The first such opportunity of each summer is Grand Old Day. On Grand Old Day, a 2.5 mile stretch of St. Paul's Grand Avenue closes to traffic and becomes lined with deep fryers, snack wagons, beverage stands, music stages, and card tables displaying jewelry, small toys, and other trinkets and souvenirs.

Grand Old Day and the State Fair essentially bookend the summer, in my mind. On Grand Old Day, I see thousands of pasty white skinned Twin Citians baring their legs in shorts and summer skirts for perhaps the first time since the previous summer. By State Fair season, most people have worked on their tan a bit, but at both events, I'm aware that long pants and winter sweaters are just a few weeks away--either behind or in front of us. Both Grand Old Day and the State Fair offer plentiful people-watching opportunities, though the State Fair, most would argue, provides much more interesting human scenery, as the event draws visitors from all regions of the state and all demographics of the population. A guy with a mullet might walk by a guy with a purple mohawk, and each will observe the other with a look that says, "Freak."

The most important similarity between the two events, however, is of course, the food. The State Fair, as the larger event, undoubtedly offers more choices... Food vendors fight to outdo each other by finding something to deep fry that no one's deep fried before. Recent entries in this category include the now famous deep fried Twinkies, Oreos, and Snickers bars. At the State Fair, main courses also get a bit more exotic--alligator, ostrich, buffalo... all on a stick, of course. Few foods remain that have yet to be placed on stick by fair food vendors. I have yet to see a placard advertising "SOUP on a Stick!" but I maintain that it is only a matter of time. (I am fully confident it could be done, using some type of bread bowl technology, but I suspect legal worries are perhaps keeping any developer from bringing it to market. That or they're simply smart enough to realize that soup is not likely to be a big seller on a 90-degree August day, no matter how novel the serving method.)
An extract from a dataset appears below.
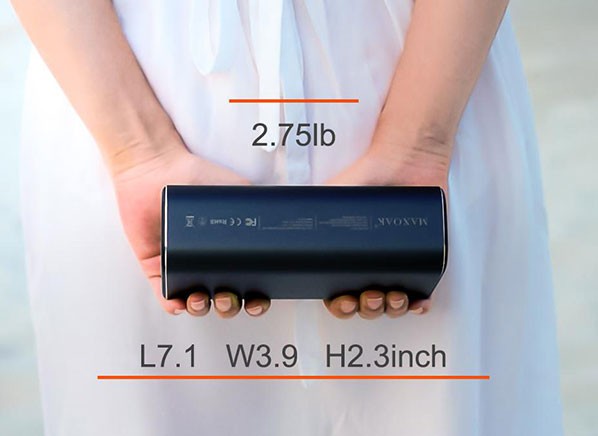100W/99Wh 便携式户外电源 - AC10图3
I didn't see a lot of new innovations in street fair food at today's Grand Old Day festivities, but perhaps that's because Grand Old Day (much like the city of St. Paul in general) tends to stick to the classics. Corn dogs. Foot-long hot dogs. Ice cream. Mini-donuts. Corn on the cob. Bratwurst. Pizza. Sno-Cones. And of course, cheese curds. Cheese curds (at least, the golden, deep fried kind) are apparently a regional phenomenon, as my friend Jamie--a native of Ohio--had no idea what we were talking about when she first saw one of us emote the words "Oooo... cheese curds" with a Homer Simpson-esque tone of joy and longing. I'm not sure if she's a convert yet, but we'll keep working on her.

I'm a classic girl, I guess, so the lack of deep fried alligator on Grand Avenue didn't bother me one bit. I had a list of priorities or intentions for my calorie intake today, and I happily filled all of them. Corn dog. Cheese curds. Grand Ole Creamery ice cream. Plus an unplanned Jamba Juice smoothie that was also quite tasty. I did contemplate trying the deep fried garlic mashed potatoes on a stick, but in the end, decided it was just too hot outside to bite into a mound of molten potato. There's always the State Fair, I reasoned. If the deep fried mashed potatoes are any good (and even if they're not), they're bound to make an appearance at the fair. Maybe right next to the "Salad on a Stick" stand. Now that I'd like to see.